Items from a data source
+-------+

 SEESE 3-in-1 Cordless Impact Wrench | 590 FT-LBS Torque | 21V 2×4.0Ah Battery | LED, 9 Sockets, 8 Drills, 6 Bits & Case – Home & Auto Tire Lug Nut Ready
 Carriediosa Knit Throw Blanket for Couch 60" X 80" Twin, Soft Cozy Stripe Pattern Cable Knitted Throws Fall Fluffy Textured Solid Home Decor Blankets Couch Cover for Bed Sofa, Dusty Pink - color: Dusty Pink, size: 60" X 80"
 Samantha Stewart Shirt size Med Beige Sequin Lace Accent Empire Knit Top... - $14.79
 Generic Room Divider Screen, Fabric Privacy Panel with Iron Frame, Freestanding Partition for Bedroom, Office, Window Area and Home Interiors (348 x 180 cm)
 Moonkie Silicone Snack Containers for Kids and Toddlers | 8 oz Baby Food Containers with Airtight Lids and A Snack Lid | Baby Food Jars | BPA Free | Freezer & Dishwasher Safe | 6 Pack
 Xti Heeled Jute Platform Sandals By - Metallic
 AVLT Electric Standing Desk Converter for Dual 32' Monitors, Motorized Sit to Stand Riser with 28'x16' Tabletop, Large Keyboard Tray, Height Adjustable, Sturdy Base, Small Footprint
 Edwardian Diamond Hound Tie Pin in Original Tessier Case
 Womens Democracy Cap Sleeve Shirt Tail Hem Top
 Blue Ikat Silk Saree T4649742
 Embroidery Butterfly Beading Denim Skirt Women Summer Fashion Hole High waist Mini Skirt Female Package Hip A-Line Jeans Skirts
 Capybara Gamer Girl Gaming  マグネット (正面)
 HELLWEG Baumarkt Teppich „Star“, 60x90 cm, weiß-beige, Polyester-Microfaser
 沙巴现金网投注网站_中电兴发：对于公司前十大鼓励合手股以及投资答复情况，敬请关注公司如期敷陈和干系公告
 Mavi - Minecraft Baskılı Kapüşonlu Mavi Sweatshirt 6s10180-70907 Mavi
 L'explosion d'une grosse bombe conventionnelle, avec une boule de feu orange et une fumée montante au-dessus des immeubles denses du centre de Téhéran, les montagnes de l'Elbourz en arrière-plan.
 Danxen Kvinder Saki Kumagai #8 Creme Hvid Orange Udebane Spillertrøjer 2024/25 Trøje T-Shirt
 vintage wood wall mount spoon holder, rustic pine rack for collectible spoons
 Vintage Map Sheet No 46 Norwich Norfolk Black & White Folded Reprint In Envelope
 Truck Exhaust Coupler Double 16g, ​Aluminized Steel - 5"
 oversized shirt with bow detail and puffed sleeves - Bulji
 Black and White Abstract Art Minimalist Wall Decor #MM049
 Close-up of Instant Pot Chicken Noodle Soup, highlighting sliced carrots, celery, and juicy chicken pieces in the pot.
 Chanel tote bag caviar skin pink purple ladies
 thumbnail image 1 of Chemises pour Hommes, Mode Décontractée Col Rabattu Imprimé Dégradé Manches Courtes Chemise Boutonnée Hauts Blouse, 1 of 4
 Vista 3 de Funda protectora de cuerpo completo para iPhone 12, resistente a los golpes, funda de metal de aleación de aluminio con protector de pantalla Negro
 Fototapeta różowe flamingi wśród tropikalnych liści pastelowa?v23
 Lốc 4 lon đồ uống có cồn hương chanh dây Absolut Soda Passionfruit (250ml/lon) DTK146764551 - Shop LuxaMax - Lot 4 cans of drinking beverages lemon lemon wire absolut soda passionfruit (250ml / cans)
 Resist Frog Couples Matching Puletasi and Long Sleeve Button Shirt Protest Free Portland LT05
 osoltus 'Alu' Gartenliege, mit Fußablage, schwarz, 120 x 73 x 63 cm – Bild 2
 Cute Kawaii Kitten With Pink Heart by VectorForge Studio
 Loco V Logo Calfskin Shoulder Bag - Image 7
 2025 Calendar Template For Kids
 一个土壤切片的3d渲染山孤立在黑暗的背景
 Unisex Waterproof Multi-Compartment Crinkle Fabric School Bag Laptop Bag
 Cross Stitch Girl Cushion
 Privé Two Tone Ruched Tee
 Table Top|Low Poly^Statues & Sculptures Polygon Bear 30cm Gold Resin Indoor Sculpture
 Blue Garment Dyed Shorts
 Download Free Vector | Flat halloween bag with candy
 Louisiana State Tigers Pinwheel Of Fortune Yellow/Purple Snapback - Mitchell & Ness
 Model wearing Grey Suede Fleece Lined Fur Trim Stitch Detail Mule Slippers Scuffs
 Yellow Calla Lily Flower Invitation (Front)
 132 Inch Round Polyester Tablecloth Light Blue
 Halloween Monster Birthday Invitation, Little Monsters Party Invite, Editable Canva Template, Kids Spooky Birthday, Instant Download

+-------+

_WHAT IS EXPECTED_: Every line above from the line with "Lốc 4 lon đồ" to the line with "Cute Kawaii Kitten", inclusive, must be returned exactly; no other line belongs in the reply.

_ANSWER TO THE EXERCISE_:
 Lốc 4 lon đồ uống có cồn hương chanh dây Absolut Soda Passionfruit (250ml/lon) DTK146764551 - Shop LuxaMax - Lot 4 cans of drinking beverages lemon lemon wire absolut soda passionfruit (250ml / cans)
 Resist Frog Couples Matching Puletasi and Long Sleeve Button Shirt Protest Free Portland LT05
 osoltus 'Alu' Gartenliege, mit Fußablage, schwarz, 120 x 73 x 63 cm – Bild 2
 Cute Kawaii Kitten With Pink Heart by VectorForge Studio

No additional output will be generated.